Ukrainian archaeologist, historian, scientist, and teacher (born 1982)

Vasyl Vasyliovych Ilchyshyn (Василь Васильович Ільчишин; born 17 March 1982, Kobyllia, Ternopil Oblast) is a Ukrainian archaeologist, historian, scientist, and teacher. Member of the Union of Archaeologists of Ukraine (2008), Shevchenko Scientific Society. Acting Director General of the Kremenets-Pochayiv State Historical and Architectural Reserve (since 1 November 2023).

==Biography==
Vasyl Ilchyshyn in born on 17 March 1982 in Kobyllia, now Zbarazh Hromada, Ternopil Raion, Ternopil Oblast, Ukraine.

Ilchyshyn graduated from the Dobrovodivka Technical Lyceum (1999) and the History Department of Ternopil Volodymyr Hnatiuk National Pedagogical University (2007).

In 2000–2002, he served in the army. He worked as a geography teacher at the Hvardiyske Educational Complex (2004–2005, Hvardiiske, Khmelnytskyi Oblast), a senior researcher (2005–2013), and head of the department of scientific and protective work of archeological monuments at the Ternopil Regional Communal Inspectorate for the Protection of Historical and Cultural Monuments. He also conducted research in Lithuania, the Czech Republic, and Slovakia.

Researcher at the Research Center "Security Archaeological Service of Ukraine" of the NASU Institute of Archaeology.

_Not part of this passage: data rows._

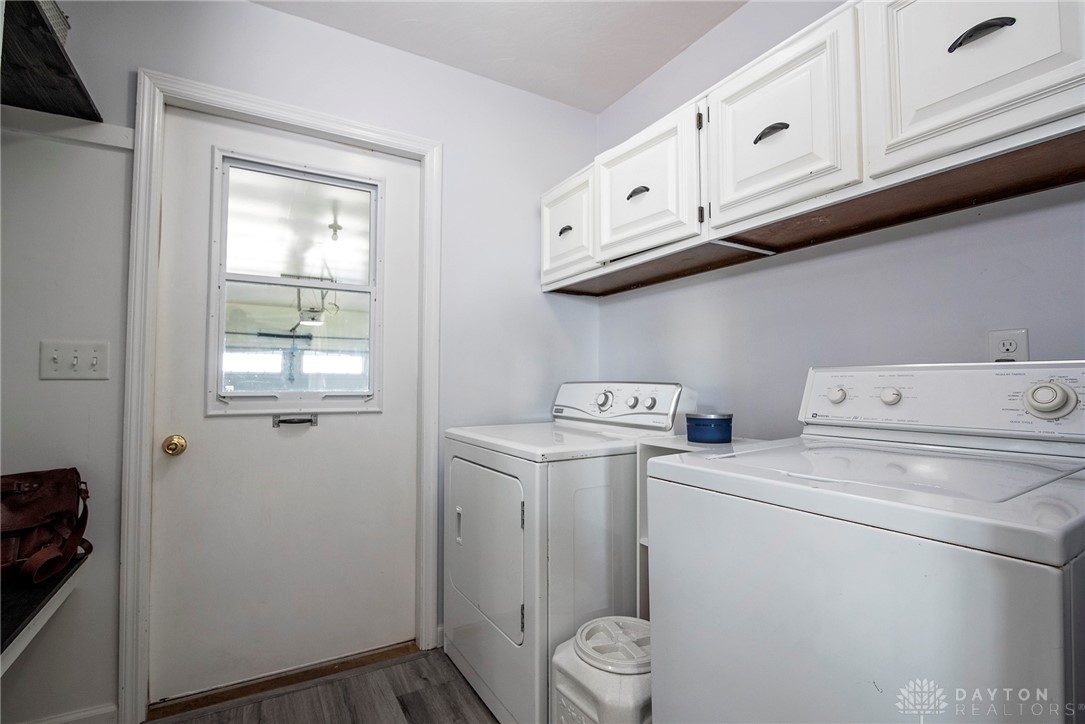 4989 Mills Road Springfield, OH 45502 - Photo 18 of 28 4989 Mills Road 45502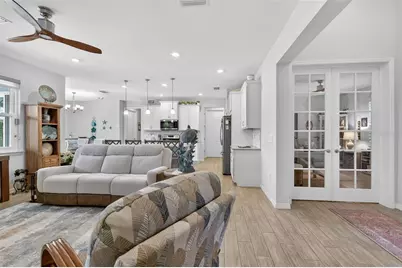 8117 Thruso Road, Port Charlotte, FL 33981 - Photo 17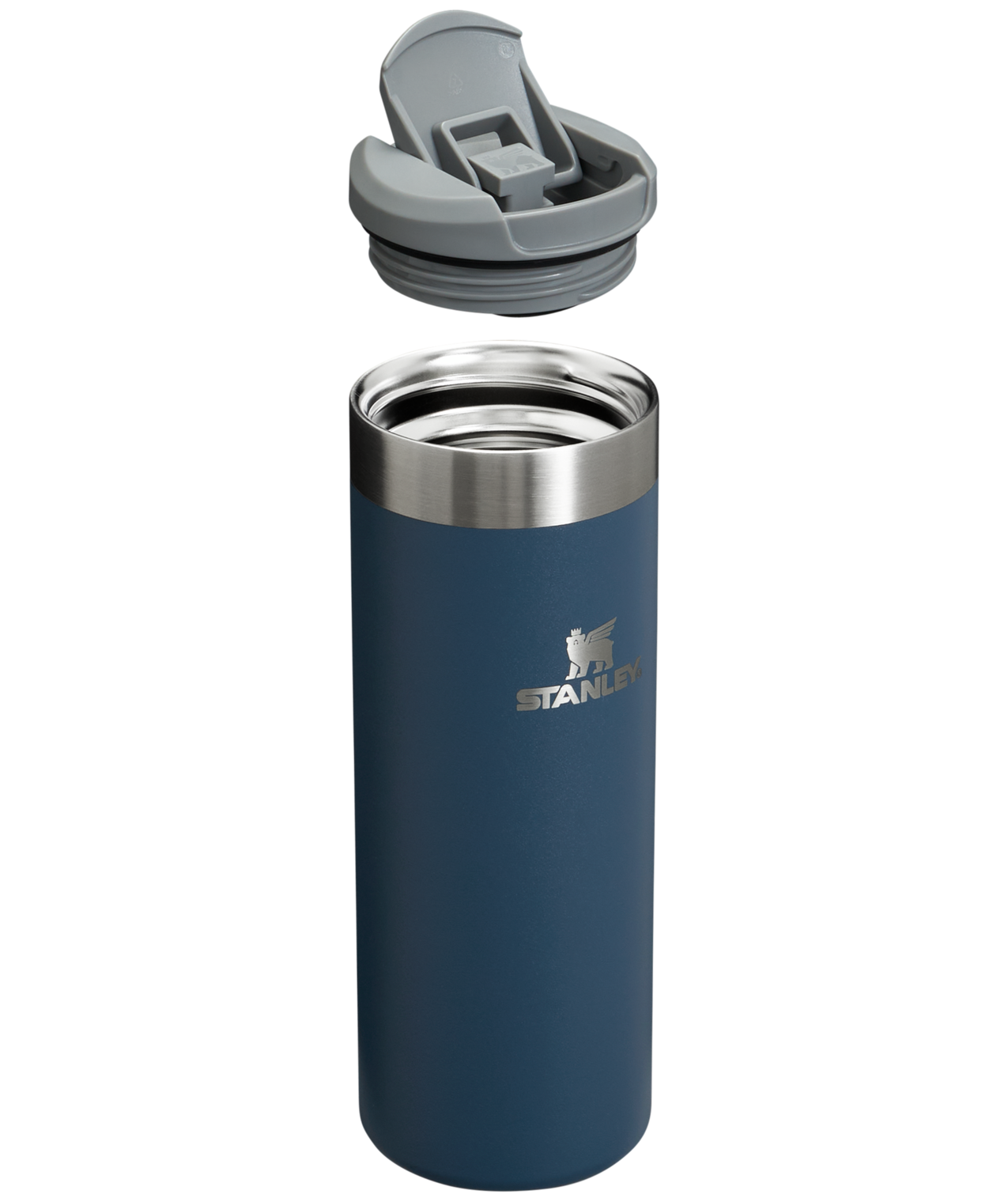 The AeroLight™ Transit Bottle | 16 OZ - Image 9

Since 1 September 2020, he has been the founder and director of the Zaliztsi Museum of Local Lore.

On 1 November 2023, he was appointed acting director general of the Kremenets-Pochayiv State Historical and Architectural Reserve.

==Museum activities==
While in office:
- developed a calendar "Sights of the Zaliztsi region"
- interesting facts about local figures of saints were published
- installation of the discovered tombstones at the ancient Jewish cemetery was completed
- during excavations in Zaliztsi, 10 human skeletons of the 17th – early 19th century were discovered (September 2020)
- organized and presented the exhibition project "Embroidery of the Zaliztsi Region" at the Ternopil Regional Art Museum (2022)

==Archaeological and scientific activities==
Ilchyshyn has been interested in archaeology since childhood. Since 2007, he has led archaeological expeditions in Ternopil and Lviv Oblasts.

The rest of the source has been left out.